Con tutta la bella retorica sull’uscita dalla crisi, e la ripresina – dopo dieci anni di implacabile tosatura dei redditi dei ceti medio bassi – ecco che abbiamo un problemino. Muore, infatti, gran parte della cassa integrazione per le aziende in crisi o in cessazione di attività. Il che significa avere davanti la prospettiva di 140.000 (centoquarantamila!) lavoratori senza reddito, solo tra i metalmeccanici, cui si aggiungono altre categorie, tavoli, trattative, crisi, emergenze per un totale che nessuno sa calcolare ma che dovrebbe, alla fine dell’anno e nei primi mesi del 2019, sfiorare quota 200.000 (duecentomila!). Sono famiglie che rischiano di restare senza reddito, quindi di più o meno mezzo milione di persone che sentono la terra che cede, il pavimento che diventa fangoso, e avvertono spaventate uno scivolamento verso la povertà.

La questione è già stata approfondita dai leader politici, cioè approfondita come sanno fare loro, in scambi di contumelie di 280 caratteri, virgole e spazi compresi. Di Maio ha dato a Renzi dell’”assassino politico” per il Jobs act, Renzi ha risposto per le rime, eccetera eccetera. La solita seconda media con ragazzi difficili, che – immagino, ma sono quasi sicuro – produrrà in quelle 200.000 famiglie sull’orlo della povertà una notevole irritazione (eufemismo: saranno incazzati come cobra).

Al di là del disastro, che ora bisognerà evitare in qualche modo, va fatta una riflessione seria sulla sbobba che in questi anni ci hanno fatto mangiare, a pranzo e a cena, benedetta e santificata in una parolina inglese (e te pareva, la lingua di Shakespeare sembra la vaselina migliore quando si parla di lavoro in Italia): flexsecurity.

Per anni, più o meno dal 2009, quella della flexsecurityè stata la teoria liberista del lavoro, mutuata da suggestioni danesi (Pil una volta e mezzo il nostro, abitanti meno di un decimo), spinta dai pensatori liberal-liberisti, tradotta assai maldestramente in legge dal jobs act. Consiste, più o meno, nell’aumentare sia la flessibilità del lavoro (flex), sia la sicurezza sociale (security), con il geniale progetto, una specie di speranza con tanto di ceri alla Madonna, che la prima riesca più o meno a finanziare la seconda. Cosa che non è avvenuta.

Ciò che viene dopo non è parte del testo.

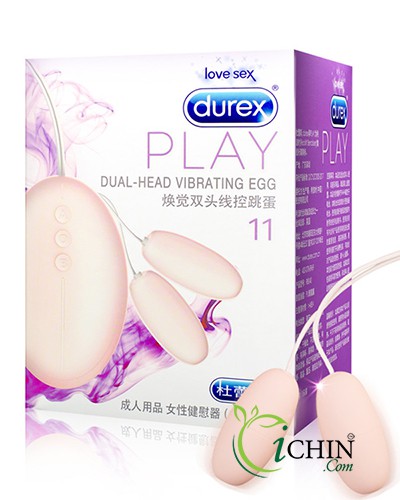 Trứng rung Durex Play Dual 2 đầu 12 chế độ mạnh mẽ pin AAA dễ dùng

Su colpe, responsabilità, omissioni, pezze da mettere al buco si vedrà, ma preme qui affrontare un aspetto della questione un po’ più teorico e (mi scuso) filosofico. Perché entra qui in gioco una grande tradizione italiana, che potremmo chiamare il trucchetto delle due fasi. Prima fase: si chiedono sacrifici e rinunce, limature e taglio di diritti, stringere i denti, tirare la cinghia. Ma tranquilli, è solo la prima fase, poi verrà la seconda fase e vedrete che figata.

Ecco, la seconda fase non arriva mai.

Qualcosa si inceppa. O si sono sbagliati i calcoli. O cade un governo. O cambia la situazione internazionale. O il mercato non capisce. O l’Europa s’incazza. Insomma interviene sempre qualche fattore per cui la fase uno si fa eccome, soprattutto nella parte dei diritti tagliati e del tirare la cinghia, e la fase due… ops, mi spiace, non si può fare, non ci sono i soldi, che disdetta.

Sono anni e anni che questo giochetto delle due fasi viene implacabilmente attuato sulla pelle dei lavoratori italiani, anni in cui gli si chiede di partecipare in quanto cittadini al salvataggio della baracca, rinunciando a qualcosa come garanzie o potere d’acquisto in cambio di un futuro in cui i diritti ce li avranno tutti – un po’ meno, ma tutti – e aumenterà il benessere collettivo. Mai successo. Ma mai.